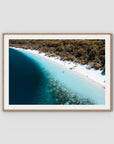 Lake McKenzie Aerial - Fraser Island - Art Print - Traditional Frame - Raw Oak - Landscape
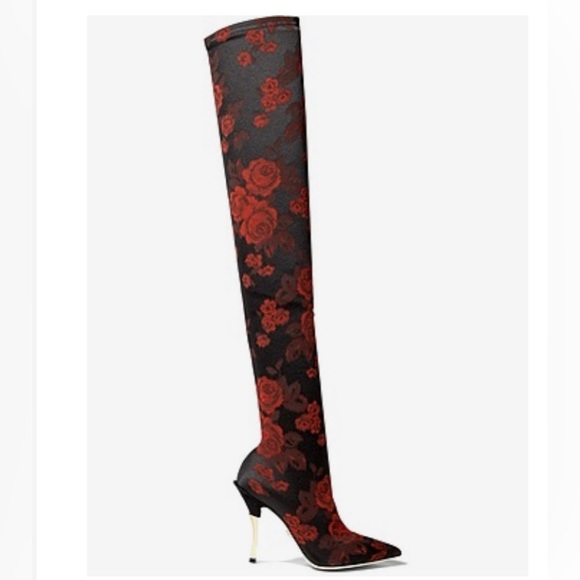 Dolce & Gabbana Floral Rose knee high boots - Picture 1 of 8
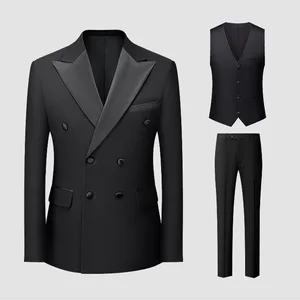 2026 New Men's Wedding Banquet 3 Pieces Slim Business Double Breasted Peaked Lapel Double Vents High Quality Suit Set for Men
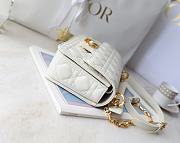Fortok Dior Jolie Top Handle Bag White 22x14x8cm  - 4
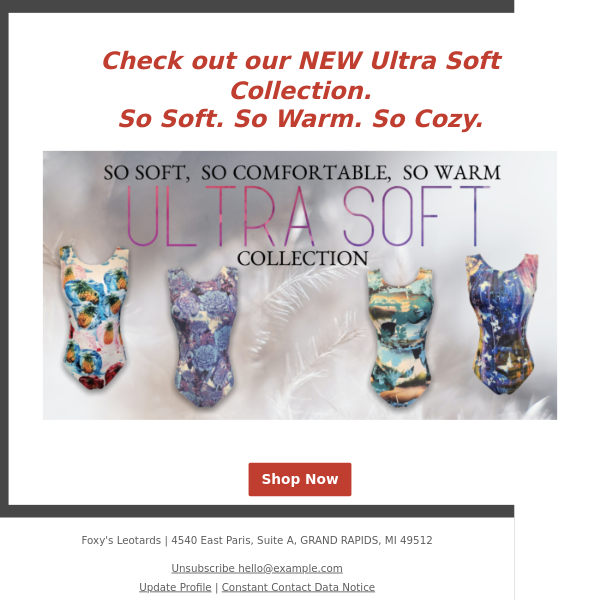Foxy's NEW Ultra Soft Collection.  So Soft and WARM!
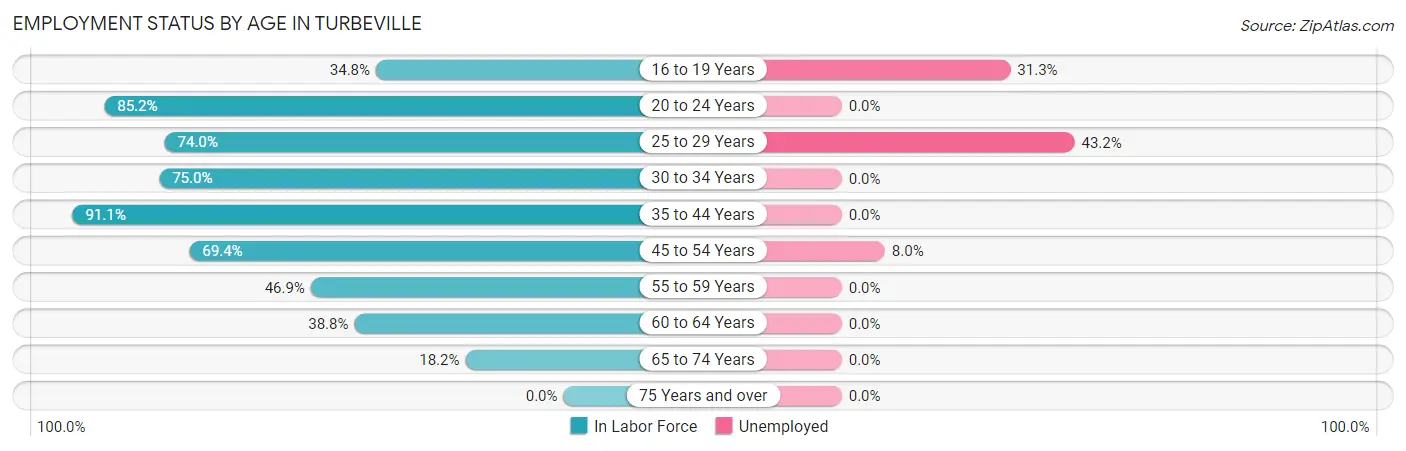 Employment Status by Age in Turbeville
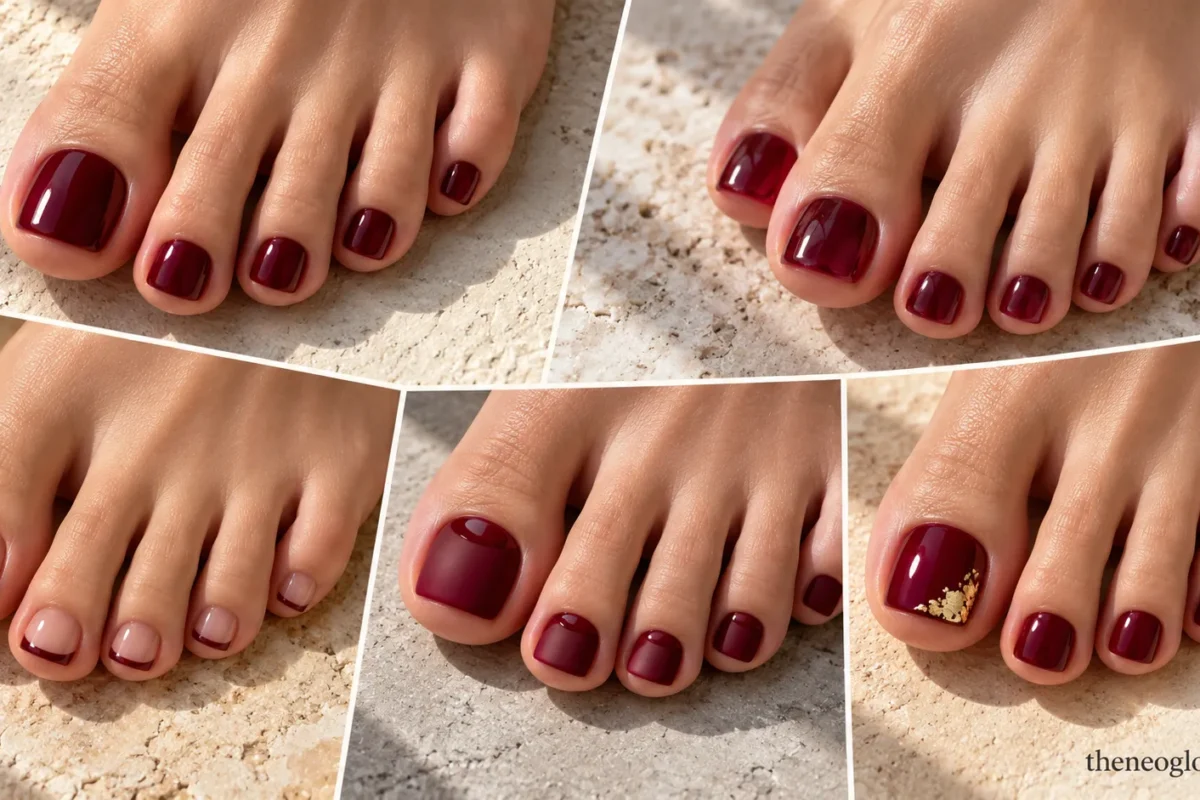 Editorial collage of burgundy pedicures showing glossy wine, jelly, micro French, matte tonal and gold-accent finishes.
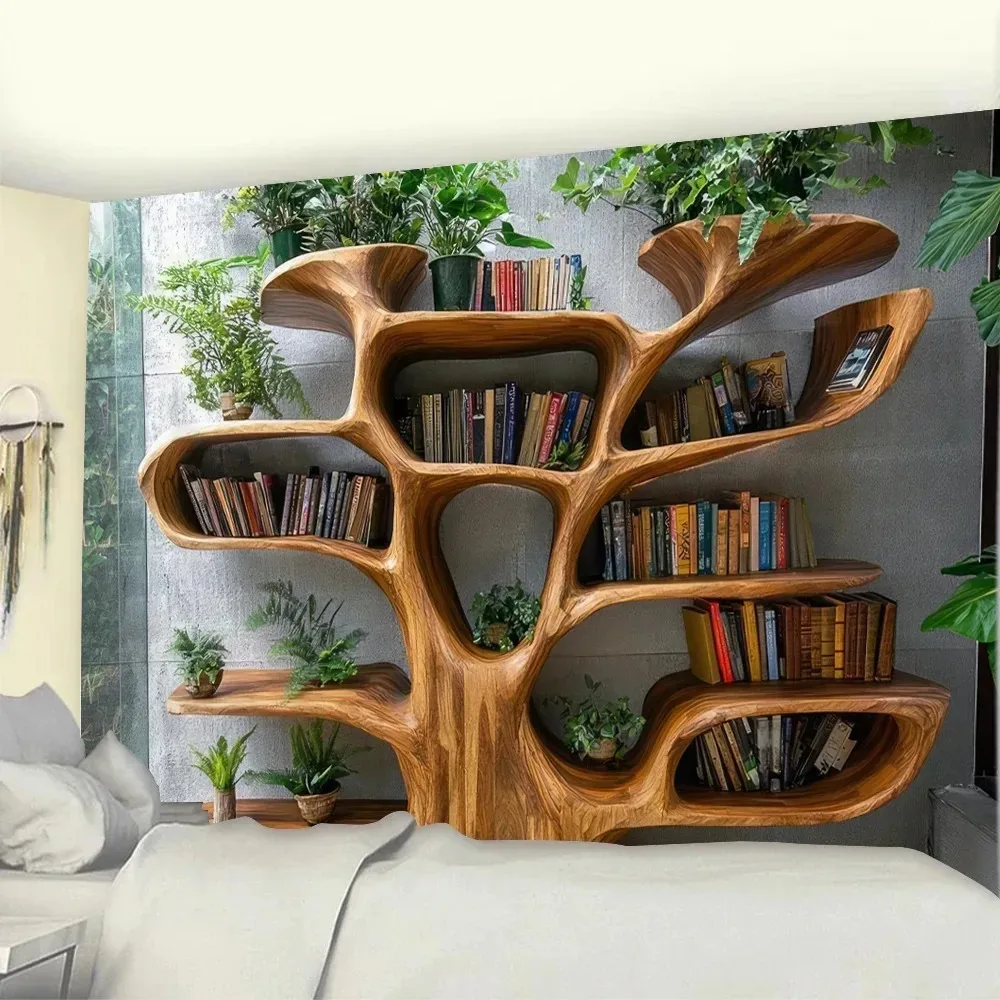 Tapiz de estantería con diseño de árbol nórdico, varios tamaños, impresión por sublimación HD, rincón de lectura, bosque, 100% poliéster, lavable, para sala de estar, estudio, ambiente tranquilo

● **What is being asked**
An unaltered copy of the material, without images, should be set down.

● **Completed exercise**
 Lake McKenzie Aerial - Fraser Island - Art Print - Traditional Frame - Raw Oak - Landscape
 Dolce & Gabbana Floral Rose knee high boots - Picture 1 of 8
 2026 New Men's Wedding Banquet 3 Pieces Slim Business Double Breasted Peaked Lapel Double Vents High Quality Suit Set for Men
Fortok Dior Jolie Top Handle Bag White 22x14x8cm  - 4
Foxy's NEW Ultra Soft Collection.  So Soft and WARM!
 Employment Status by Age in Turbeville
 Editorial collage of burgundy pedicures showing glossy wine, jelly, micro French, matte tonal and gold-accent finishes.
 Tapiz de estantería con diseño de árbol nórdico, varios tamaños, impresión por sublimación HD, rincón de lectura, bosque, 100% poliéster, lavable, para sala de estar, estudio, ambiente tranquilo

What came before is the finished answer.